From: Miron Cuperman
Subject: Re: [Social-discuss] Would a 'DynHttpd' service be useful?
Date: Wed, 26 May 2010 11:10:25 -0700
User-agent: Thunderbird 2.0.0.24 (X11/20100411)

I think a frontend DNS/HTTPS service is pretty important for easy adoption.  For the following reasons:

- Need to provision a domain name without having the user jump through DNS configuration hoops (unless they want to jump through those hoops).  The end-user's app should negotiate this through a defined API.
- Same goes for an TLS/SSL certificate.  Would be good to acquire a CA certificate for a few attractive domains, and then generate free certificates under those domains for the end-users under API control.
- As you say, firewall traversal is needed as well.

As to to the IP <-> TLS certificate issue - that's done already: http://en.wikipedia.org/wiki/Server_Name_Indication .  However, seems like there's a support issue under XP with IE and Chrome.  Maybe one can live with that - encourage people to use Firefox.

You could handle TLS on the DynHttpd side with a wildcard, but then you lose privacy to the provider.

Bjarni Rúnar Einarsson wrote:
Hello GNU-Social :-)

I've been watching with keen interest the activity in the free/open-social space over the past few weeks, finally got around to subscribing to your list.  I've got an idea kicking around in my head (and a basic design), which might or might not be useful.

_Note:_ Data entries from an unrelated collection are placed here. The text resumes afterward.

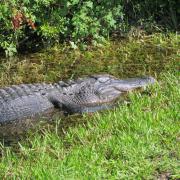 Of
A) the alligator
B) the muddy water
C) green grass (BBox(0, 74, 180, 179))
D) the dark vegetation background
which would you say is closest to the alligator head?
the alligator

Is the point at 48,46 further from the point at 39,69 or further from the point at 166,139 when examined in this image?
the point at 166,139

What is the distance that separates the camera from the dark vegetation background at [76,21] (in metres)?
7.79

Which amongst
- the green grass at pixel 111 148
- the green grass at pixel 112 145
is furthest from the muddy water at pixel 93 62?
the green grass at pixel 111 148

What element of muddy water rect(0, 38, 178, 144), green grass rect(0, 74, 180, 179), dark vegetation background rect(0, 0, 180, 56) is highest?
dark vegetation background rect(0, 0, 180, 56)

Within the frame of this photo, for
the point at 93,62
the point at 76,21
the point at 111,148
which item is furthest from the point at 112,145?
the point at 76,21

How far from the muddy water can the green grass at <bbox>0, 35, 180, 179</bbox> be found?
2.70 ft

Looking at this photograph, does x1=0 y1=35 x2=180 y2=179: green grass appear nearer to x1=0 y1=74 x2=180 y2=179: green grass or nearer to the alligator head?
x1=0 y1=74 x2=180 y2=179: green grass

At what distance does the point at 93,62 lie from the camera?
24.6 ft

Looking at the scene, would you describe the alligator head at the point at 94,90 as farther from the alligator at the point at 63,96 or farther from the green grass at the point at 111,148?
the green grass at the point at 111,148

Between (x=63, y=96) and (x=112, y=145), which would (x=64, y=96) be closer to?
(x=63, y=96)

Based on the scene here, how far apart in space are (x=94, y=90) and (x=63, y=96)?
0.38 meters

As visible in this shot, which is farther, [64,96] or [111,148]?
[64,96]

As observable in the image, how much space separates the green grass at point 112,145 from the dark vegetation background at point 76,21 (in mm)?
2058

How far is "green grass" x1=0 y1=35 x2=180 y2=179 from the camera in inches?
158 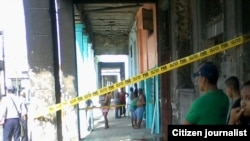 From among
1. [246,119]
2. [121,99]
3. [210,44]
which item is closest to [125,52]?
[121,99]

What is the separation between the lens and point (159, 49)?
11570 millimetres

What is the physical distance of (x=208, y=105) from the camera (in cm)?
365

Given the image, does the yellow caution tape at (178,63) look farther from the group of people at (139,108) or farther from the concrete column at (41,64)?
the group of people at (139,108)

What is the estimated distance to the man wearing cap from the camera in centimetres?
362

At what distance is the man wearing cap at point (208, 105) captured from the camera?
362cm

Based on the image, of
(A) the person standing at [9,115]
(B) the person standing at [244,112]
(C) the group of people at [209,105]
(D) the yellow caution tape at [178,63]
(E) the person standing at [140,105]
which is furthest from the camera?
(E) the person standing at [140,105]

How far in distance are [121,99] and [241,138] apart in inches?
777

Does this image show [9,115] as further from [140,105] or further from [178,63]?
[140,105]

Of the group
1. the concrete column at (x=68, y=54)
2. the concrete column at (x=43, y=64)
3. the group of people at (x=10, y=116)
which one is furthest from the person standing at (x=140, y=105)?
the concrete column at (x=43, y=64)

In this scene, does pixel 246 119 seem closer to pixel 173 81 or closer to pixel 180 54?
pixel 180 54

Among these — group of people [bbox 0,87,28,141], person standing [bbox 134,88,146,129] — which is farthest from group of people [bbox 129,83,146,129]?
group of people [bbox 0,87,28,141]

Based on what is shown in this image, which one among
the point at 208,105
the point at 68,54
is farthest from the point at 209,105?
the point at 68,54

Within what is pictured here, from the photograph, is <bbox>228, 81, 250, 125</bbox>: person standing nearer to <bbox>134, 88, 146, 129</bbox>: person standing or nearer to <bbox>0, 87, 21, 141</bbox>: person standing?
<bbox>0, 87, 21, 141</bbox>: person standing

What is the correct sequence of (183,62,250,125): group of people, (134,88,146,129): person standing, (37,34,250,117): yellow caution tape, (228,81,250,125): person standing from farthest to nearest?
(134,88,146,129): person standing < (37,34,250,117): yellow caution tape < (183,62,250,125): group of people < (228,81,250,125): person standing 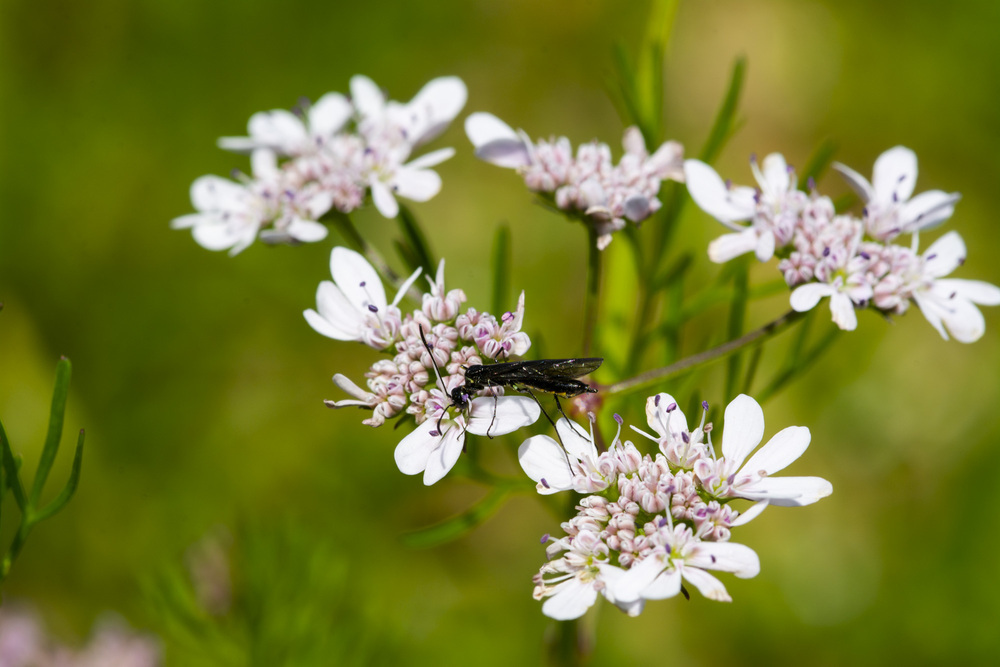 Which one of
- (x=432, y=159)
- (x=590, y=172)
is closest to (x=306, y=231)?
(x=432, y=159)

Considering that I have considerably more ideas than I have time, I figured I'd try to start a discussion before spending much more time on it.

Would it be useful for the various open-social projects if there were a cloud-based dynamic HTTP-front-end service?

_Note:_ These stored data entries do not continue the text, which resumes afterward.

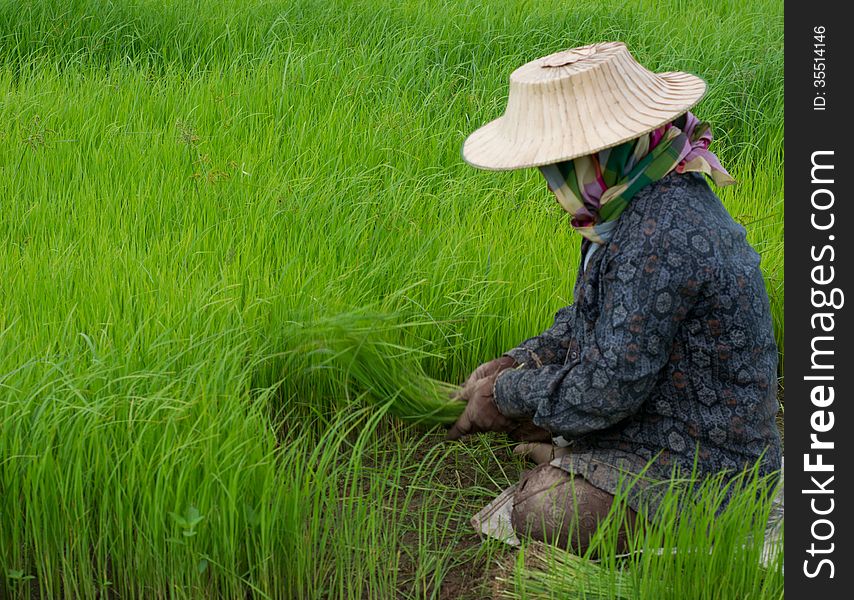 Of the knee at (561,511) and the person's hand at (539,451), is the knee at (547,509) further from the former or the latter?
the person's hand at (539,451)

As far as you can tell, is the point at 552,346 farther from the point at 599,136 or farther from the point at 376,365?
the point at 599,136

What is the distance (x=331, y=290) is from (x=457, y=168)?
1368mm

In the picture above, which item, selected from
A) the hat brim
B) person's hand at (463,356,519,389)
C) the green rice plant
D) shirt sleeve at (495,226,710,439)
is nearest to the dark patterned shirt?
shirt sleeve at (495,226,710,439)

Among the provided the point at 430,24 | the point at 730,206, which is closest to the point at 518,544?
the point at 730,206

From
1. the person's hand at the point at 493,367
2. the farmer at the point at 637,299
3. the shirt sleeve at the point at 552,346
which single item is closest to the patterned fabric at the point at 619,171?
the farmer at the point at 637,299

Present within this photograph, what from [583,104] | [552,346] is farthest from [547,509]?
[583,104]

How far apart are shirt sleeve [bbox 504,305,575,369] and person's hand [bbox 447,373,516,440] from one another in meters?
0.11

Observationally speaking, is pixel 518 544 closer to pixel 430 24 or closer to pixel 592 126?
pixel 592 126

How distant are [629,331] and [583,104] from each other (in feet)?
1.61

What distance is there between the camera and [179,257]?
3160mm

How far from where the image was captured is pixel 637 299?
2148mm

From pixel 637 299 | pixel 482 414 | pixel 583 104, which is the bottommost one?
pixel 482 414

This would be similar to DynDns, except instead of pointing your DNS records at your current IP, which may be firewalled, it would create a tunnel from your machine to an in-the-cloud reverse HTTP proxy, so a locally running HTTPD on your machine can serve requests to the general internet.  Combined with a dynamic DNS solution, this would allow you to run your social web-app (or whatever else) on your own hardware, no matter how many firewalls are in your way and no matter how much you move around.

Behavior when you aren't online is a fun topic: it could be anything from a dropped request, to a 'Sorry, I'm not online now' page, to automatic failover to a mirror on a friend's machine.

Doing this for clear-text HTTP is very possible, for HTTPS this is pretty hard to do without running out of IP-addresses.  So an 'open social' web using a system like this would sacrifice over-the-wire encryption and authentication, but instead gain total local control over your software stack (aside from the proxies, of course).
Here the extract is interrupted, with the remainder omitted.